Les États-Unis passent à l’action sur le sujet sensible du transfert transatlantique des données personnelles. Le Président Joe Biden a dévoilé un nouveau décret exécutif, pouvant servir de base à la future décision d’adéquation prise par l’UE. Elle devra garantir un niveau de protection des données personnelles au moins équivalent à celui des 27 et permettra leurs libre circulations entre les deux continents, conformément au RGPD.
Plus de six mois après avoir annoncé qu'ils avaient trouvé un accord de principe avec Bruxelles, les États-Unis remontent donc au créneau sur ce sujet très sensible du transfert transatlantique des données personnelles.

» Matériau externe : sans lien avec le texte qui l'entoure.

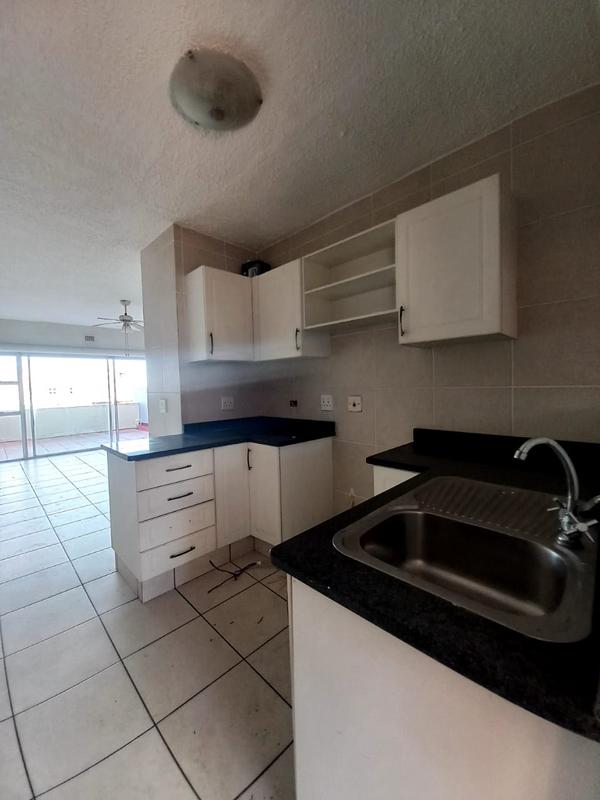 1 Bedroom Property for Sale in Margate Beach KwaZulu-Natal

L’annonce était très attendue d'autant que les deux précédents cadres, le "Safe Harbor" et le "Privacy Shield", avaient été invalidés par la justice européenne (CJUE)
La cour avait notamment estimé, en juillet 2020, qu’il y avait un risque que les services de renseignement américains accèdent aux données personnelles hébergées sur les serveurs des entreprises nationales, en raison de l’extraterritorialité de certaines de ses lois, t ce, peu importe leurs localisations.
Cette décision de justice dite "Schrems II" avait conduit la Cnil, ainsi que certaines de ses homologues européennes, et notamment autrichienne, à juger l’utilisation de Google Analytics illégale.
L’invalidation du précédent régime avait même poussé Meta à faire planer la menace d’un retrait de ses services dans l’UE.
Risque d'un Shrems III?
Face au risque d’un "Schrems III", l’administration américaine a mis en avant plusieurs garde-fous.
Elle introduit une nouvelle Cour d'examen de la protection des données, sous tutelle du ministère de la Justice américain, et que les citoyens européens pourront saisir en cas de litige.
Les États-Unis s’engagent également à limiter l’accès aux données des Européens par leurs autorités à ce qui est "nécessaire" et de manière "proportionnée", reprenant la sémantique de la législation européenne en la matière.
Pas de garanties à ce jour, mais un pas dans la bonne direction.
Ces garanties apportées par Washington ne semblent pour autant pas rassurer Max Schrems, à l’origine des précédents recours contre les décisions d’adéquation.
"L'UE et les États-Unis sont désormais d'accord sur l'utilisation du mot 'proportionné' mais semblent en désaccord sur sa signification. À première vue, il semble que les questions essentielles n'ont pas été résolues et que le dossier reviendra tôt ou tard devant la CJUE", a-t-il déclaré
Max Schrems n’est pas le seul à douter de la viabilité de la décision d’adéquation à venir.
"Même si les autorités américaines tentent de combler les lacunes du Privacy Shield initial, le fait est que l'UE et les États-Unis ont toujours une approche différente de la protection des données qui ne peut être gommée par un décret", a déclaré de son côté Ursula Pachl, la directrice générale adjointe du Bureau européen des unions de consommateurs (BEUC). Selon l’Union américaine pour les libertés civiles (ACLU), "s’il s’agit d’un "pas dans la bonne direction", le décret du président Biden continuera de "mettre en péril" les transferts de données UE-États-Unis, faute de réforme en profondeur du système américain."
Reste maintenant à La Commission européenne d'étudier ce nouveau cadre législatif, de rédiger une décision d’adéquation puis de la soumettre à l’aval des États membres.
Bruxelles semble avoir bon espoir que cette fois-ci soit la bonne, mettant en avant les "garanties incluses dans le décret, tant en ce qui concerne la limitation substantielle de l'accès des autorités de sécurité nationale américaines aux données (nécessité et proportionnalité) que la mise en place du nouveau mécanisme de recours".